🤖 AI Summary
This work addresses the limitations of existing speech recognition benchmarks for Indian languages, which predominantly rely on clean, read-style speech and word error rate (WER) evaluation against a single reference transcript—failing to account for prevalent orthographic variations, especially in code-mixed English. To bridge this gap, the authors introduce the first large-scale, real-world Indian speech benchmark, comprising 306,230 utterances (536 hours) from 36,691 speakers across 139 district clusters in 15 major Indian languages. The dataset consists of spontaneous telephone conversations and employs multi-reference transcriptions to accommodate spelling variability. This benchmark enables fine-grained performance analysis along dimensions such as administrative region, audio quality, speaking rate, gender, and device type, revealing substantial disparities in current ASR systems across demographic, geographic, and acoustic conditions, thereby establishing critical data and evaluation standards for real-world Indian language speech recognition.
📝 Abstract
Existing Indic ASR benchmarks often use scripted, clean speech and leaderboard driven evaluation that encourages dataset specific overfitting. In addition, strict single reference WER penalizes natural spelling variation in Indian languages, including non standardized spellings of code-mixed English origin words. To address these limitations, we introduce Voice of India, a closed source benchmark built from unscripted telephonic conversations covering 15 major Indian languages across 139 regional clusters.

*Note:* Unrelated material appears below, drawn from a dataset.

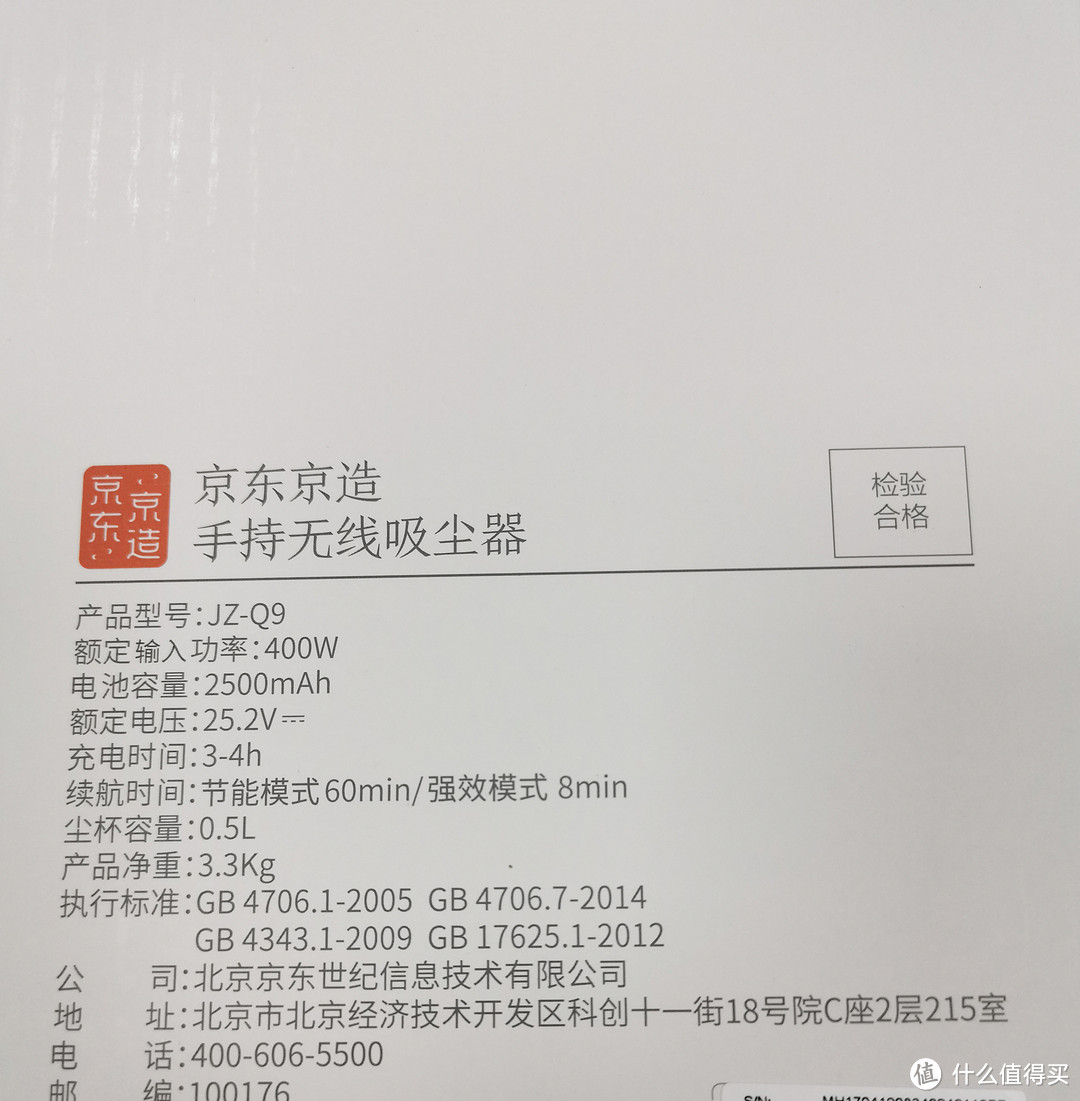 浅谈京东京造吸尘器（追觅V9）的众多槽点和吸尘器使用评测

The dataset contains 306230 utterances, totaling 536 hours of speech from 36691 speakers with transcripts accounting for spelling variations. We also analyze performance geographically at the district level, revealing disparities. Finally, we provide detailed analysis across factors such as audio quality, speaking rate, gender, and device type, highlighting where current ASR systems struggle and offering insights for improving real world Indic ASR systems.